Wednesday, June 16, 2010

Peace

As I sit here, wishing that things would start picking up a little more for the summer I am realizing that this is peace.
Yes, my mom is in the other room on the phone and I can hear her talking, my dad is sleeping (snoring) on the couch while :listening: to talk radio. And yes, I am sitting in the very same room with my headphones plugged into my laptop listening to my music while I can hear each of those other somewhat noisy happenings over my own activity. You may call this disfunction, I call it peace. Peace does not rest in the amount of noise or family activity. It does not rest on if you feel anxious or if you feel just right.
To me, I have peace right now - in the middle of this train wreck combination of sounds I have peace.
Peace is knowing that you are doing exactly what you were made to do in this very moment.
Some things I know I am made to do are things like: Spend time with and encourage friends, pray, do devotions, be involved with people-based ministries, Singing, Music, laugh, make jokes, and dream... amongst other various things.
I just got home from coffee with a friend, I spent 3 hours with her - and although moments were silent, not a SINGLE minute was waisted. God created me to have healthy relationships that I can nurture and enjoy in fellowship, so that is what I did. God created me to worship him and realize his blessings of peace in my life. So me sitting here blogging about the peace I am seeing that I have, and listening to worship is perfect.
Although this may not be the biggest realization someone could have, it is in fact a wonderful load of my shoulders to know that being at Peace is not everything being perfect and calm, and me knowing exactly what the rest of my life is. I can be at peace, and my heart can take rest in the Lord knowing that I am pursuing my God given talents through music and my every day relationships with the people who have helped make me, me!
I know not what the Lord has for my future, but I trust him with it. I am at Peace with the fact that my life is chaotic and crazy, that people come and go, that some people you will never get rid of and that in the middle of the most confusing moments and periods in my life I can look to God and see that I as long as I am honoring my Lord and being who I am meant to be...I am doing exactly what I need to be doing.
So, when I think about it. I over use and over idealize the word PEACE. But you know what, I still have it - and for that I am very very thankful!
With Love,
Jackie

Tuesday, June 15, 2010

Oh the sweet sounds of last minute plans!

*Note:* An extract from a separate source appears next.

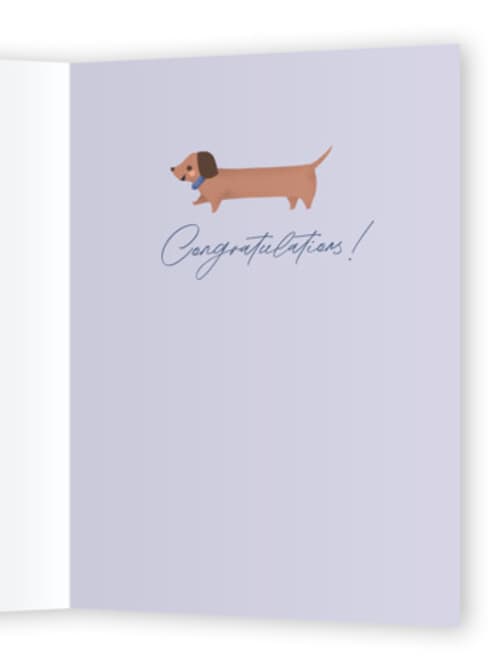 This is a bone congratulations cards with standard by Itsy Belle Studio called congrats weiner printing on signature in greeting cards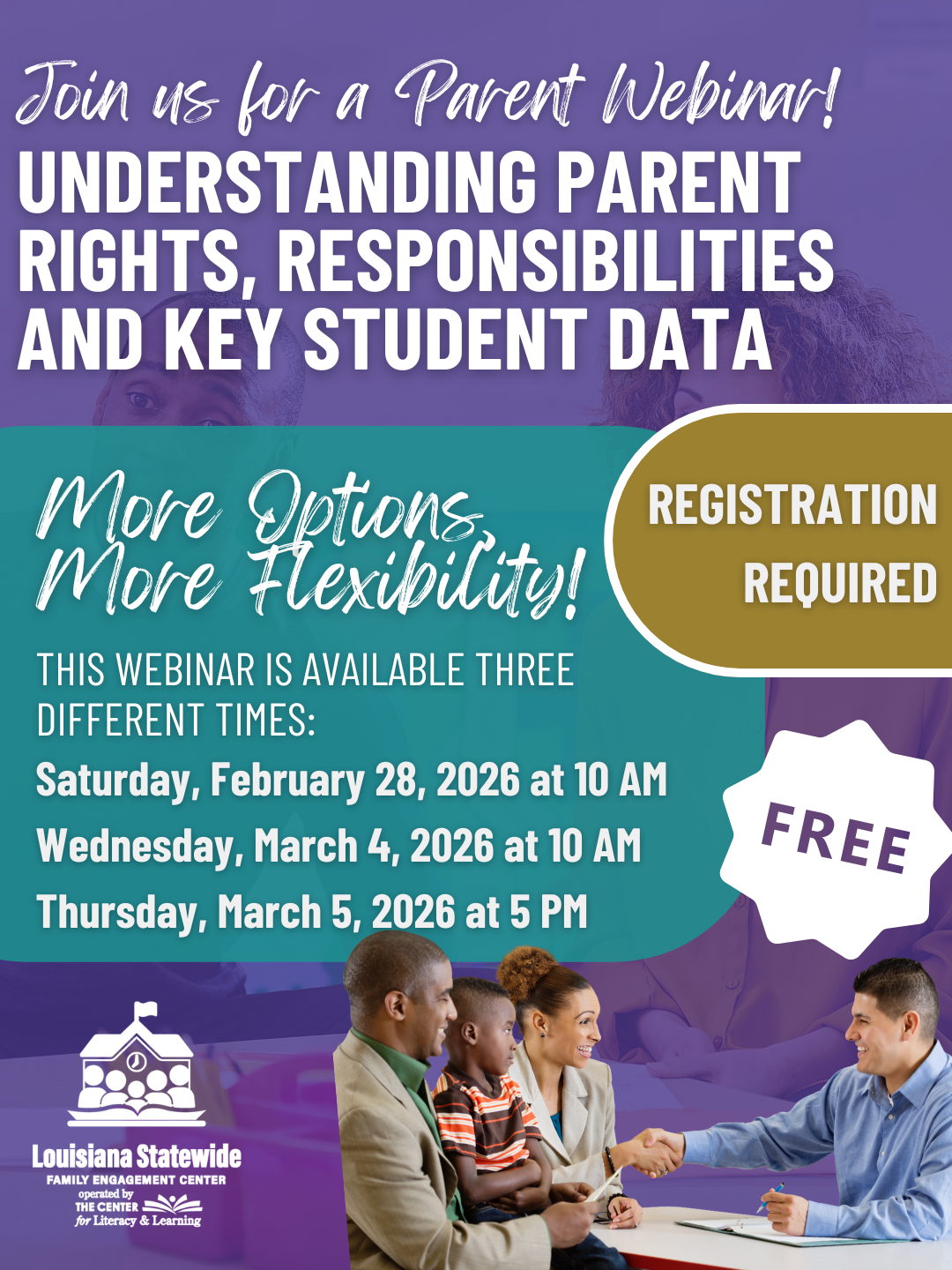 An advertisement for a parent webinar with people shaking hands. It includes dates, times, and a registration link.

Well, it's been around a month, I guess it's time for me to write to the great nothingness of public internet again.
My summer is usually quite planned out by now. I used to have all my plans in order for every Friday, Saturday and Sunday for the entire summer down packed by now. But this summer I have very few people to plan with. Most of my close girlfriends are simply not around or available. My friends are everywhere but home! One is in South Africa, one in Oklahoma, and one is quite occupied with family happenings and a relationship. Yes, each of them will be available at some point or another... but very small windows of opportunity.
This summer has become one of College prep, reading and last minute plans! I used to not enjoy last minute plans because I felt as if I were always imposing on someone or like I was simply unprepared. However, I currently find last minute plans very agreeable! I am planning a coffee date with a friend for tomorrow afternoon as I am this writing now (at midnight).
In all this calmness I find a need for noise and chaos. I thrive with people around in the middle of absolute chaos. So, it only makes sense that last minute plans are working out well for me right now.
I simply cannot wait until fall comes and I am busy again. College classes, hanging out around HPA rehearsal days :D , and trying to help my mom take care of the house while my dad is on his 2nd tour since 9/11. A busy life seems to me like a more useful life.
People keep on asking me :what I am doing with my summer:.. I fail at having a ready response. After thinking about it... I think I am actually going to start working through the reading list my pastor recommended for me back in September.
Well, I am rambling now. Perhaps next time I should wait until I actually have something of sorts to write about... Hm, what a concept!
I am off, can't wait to see what last minute thrills this weekend will have in store for me!